Tal vez porque el gol es el momento más visible del fútbol. O tal vez porque, en un deporte donde todo es colectivo, el error del delantero parece individual, casi íntimo, como si quedara expuesto ante todos. Pero convendría hacer memoria. Recordar que incluso los más grandes han quedado marcados por un instante.
Ahí está Roberto Baggio, por ejemplo. Sostuvo a Italia durante todo el Mundial de 1994 y la llevó a la final. Y, sin embargo, el recuerdo que quedó fue su penalti por encima del travesaño en la final contra Brasil. Un segundo que borró semanas de genialidad.

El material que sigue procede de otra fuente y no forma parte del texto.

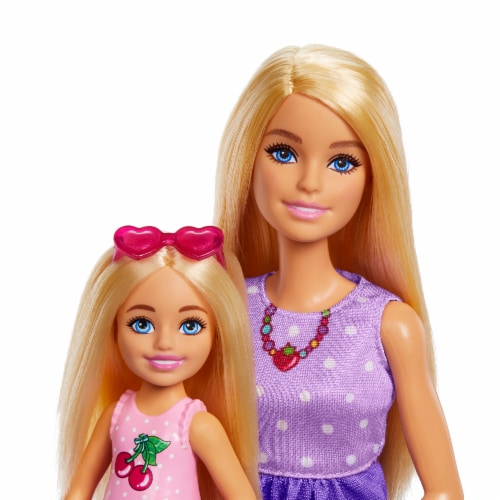 Mattel® ​Barbie® Family & Friends™ Malibu Barbie® & Chelsea Dolls With Accessories Picnic Playset Perspective: top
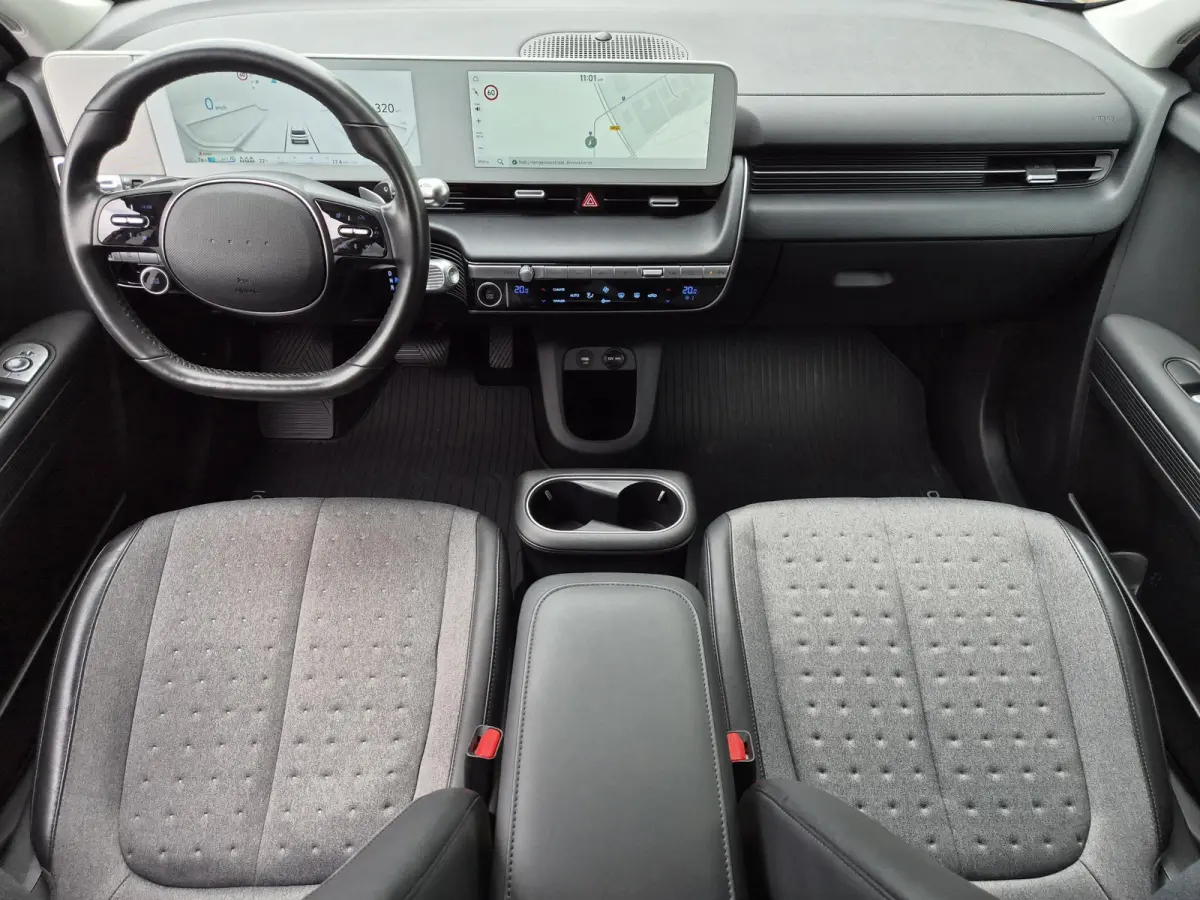 Connect 77.4 kWh / SOH 100% / Fabrieksgarantie tot 04-2028 / Dealer onderhouden / CCS snelladen / WLTP bereik 507 km bereik stad 710 km / Stuur- Stoel & Achterbank verwarming / Trekgewicht 1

O Gonzalo Higuaín, que tuvo en sus pies la posibilidad de cambiar la historia en la final del Mundial de 2014. Quedó solo frente al arco y falló. Desde entonces, su nombre quedó atado a ese instante, como si su carrera entera cupiera en esa definición desviada.
También está Andriy Shevchenko, Balón de Oro, leyenda del Milan. En la final de la Champions de 2005, con todo a favor tras el 3-0 inicial, falló el penal decisivo contra Liverpool. Una noche inexplicable que terminó definiendo su recuerdo en ese partido.
Y cómo no mencionar a Asamoah Gyan, que cargó con el peso de todo un continente en Sudáfrica 2010. Penal en el último minuto del alargue, clasificación histórica a semifinales al alcance de un remate. Travesaño. Silencio. África entera contenida en un suspiro que no fue gol.
Historias distintas, contextos gigantes, desenlaces crueles. Todos tienen algo en común: el juicio fue inmediato. Como si el fútbol no admitiera matices cuando se trata del gol.
Y entonces volvemos a casa. A lo nuestro. A esa sensación de que en Colombia el delantero vive en una cuerda floja permanente. Porque ahí están los casos recientes: John Córdoba ante Paraguay, Duván Zapata frente a Uruguay, Carlos Bacca en momentos clave. Todos goleadores en sus clubes. Todos señalados en la selección.
Y en medio de esa historia aparece el paréntesis luminoso de Radamel Falcao García, quien durante años convirtió el gol en certeza y no en sospecha. Tal vez por eso se le extraña tanto: porque El Tigre nos malacostumbró a los hinchas colombianos.
Pero la pregunta es otra. Más incómoda, más necesaria. ¿Vale la pena seguir haciendo lo mismo? ¿Condenar al delantero por un fallo, reducirlo a un instante, empujarlo al olvido como si no hubiera hecho nada más? ¿O será momento de entender que esa es, precisamente, la naturaleza del oficio?
Porque lo de Luis Suárez no es una excepción. Es parte del juego. Y también está comprobado que es un delantero extraordinario. Tal vez el problema no sea el que falla. Tal vez somos nosotros, que no sabemos esperar el siguiente gol.